ココロミにきみ

本と体とプログラミング

本 ゆらぐ脳

「ゆらぐ脳」池谷裕二さん著。

池谷さんは、モノゴトが「わかる」を、これまでの「” 分けて ” わかる」に加えて、「(分けずに)そのままわかる」という方法論を作り出そうとしている。脳の研究者としてもすごい実績を上げているのに、新種の「わかる」を作り出すって野望大き過ぎ!(笑)

これって、「自転車の乗り方」みたいな、体で「わかる」とかに近いことなんじゃないのかな。動的平行で有名な福岡伸一さんも「世界は分けてもわからない (講談社現代新書)」って言ってるし、「まるごと受け止める」ことは、新たな方向性として何か感じるものがある。

ゆらぐ脳

ゆらぐ脳

 

本の全体の内容は珍しく、研究生活にまつわるリアリティで、研究に進みたい人にとっては参考になるかもしれない。ただ、池谷さんのとっている研究方法はサイエンスの世界で、ものすごく異端だと思う。

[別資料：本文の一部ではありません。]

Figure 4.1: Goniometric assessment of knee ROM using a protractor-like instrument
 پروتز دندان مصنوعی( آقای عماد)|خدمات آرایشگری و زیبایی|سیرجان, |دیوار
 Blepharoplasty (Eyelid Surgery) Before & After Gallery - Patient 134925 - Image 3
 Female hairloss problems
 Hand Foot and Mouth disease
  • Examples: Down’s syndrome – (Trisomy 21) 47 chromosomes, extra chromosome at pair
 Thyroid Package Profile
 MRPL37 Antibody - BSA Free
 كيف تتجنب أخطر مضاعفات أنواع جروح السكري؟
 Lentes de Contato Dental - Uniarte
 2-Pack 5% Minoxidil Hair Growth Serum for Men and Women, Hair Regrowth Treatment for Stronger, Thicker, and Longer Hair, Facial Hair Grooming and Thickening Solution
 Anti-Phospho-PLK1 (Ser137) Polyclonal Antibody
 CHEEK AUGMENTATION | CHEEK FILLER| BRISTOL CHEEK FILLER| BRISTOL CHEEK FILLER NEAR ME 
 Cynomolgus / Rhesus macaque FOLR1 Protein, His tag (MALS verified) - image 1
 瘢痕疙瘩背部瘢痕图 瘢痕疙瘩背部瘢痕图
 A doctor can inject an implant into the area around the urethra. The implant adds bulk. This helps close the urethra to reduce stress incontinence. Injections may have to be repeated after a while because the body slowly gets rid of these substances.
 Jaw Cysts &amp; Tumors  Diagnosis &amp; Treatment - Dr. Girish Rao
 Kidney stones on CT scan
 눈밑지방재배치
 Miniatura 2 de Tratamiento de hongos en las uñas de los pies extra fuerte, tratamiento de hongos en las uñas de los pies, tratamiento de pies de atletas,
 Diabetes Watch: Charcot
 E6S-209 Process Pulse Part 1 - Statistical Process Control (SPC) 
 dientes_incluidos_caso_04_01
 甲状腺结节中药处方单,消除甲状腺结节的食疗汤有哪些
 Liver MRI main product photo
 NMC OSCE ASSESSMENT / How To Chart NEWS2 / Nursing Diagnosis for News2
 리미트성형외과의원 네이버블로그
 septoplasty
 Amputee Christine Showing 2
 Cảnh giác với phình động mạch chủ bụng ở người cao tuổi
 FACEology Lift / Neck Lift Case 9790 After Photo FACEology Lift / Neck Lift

仮説を立てずに、好奇心を一番大事にして、新たな何かが分かりそうなトライアルをひたすら続けていくというもの。どこに転がるかわからないし、ポイントもないし、方向性も、進捗状況も本人すらわからない。単年度で成果を毎年上げなければいけない制度の中では存在しずらい方法論。

 

でもこれって、すごく自然な感じがする。自分が ” いい状態 ” の時の心のありようって、たいてい仮説(予定)を忘れて、好奇心の赴くままに街歩きをしたりして、発見していく時だから。自分の枠組みから自由になってるから、新しいことにどんどん出会える。

池谷さんには個人的に人類栄誉賞をあげたい。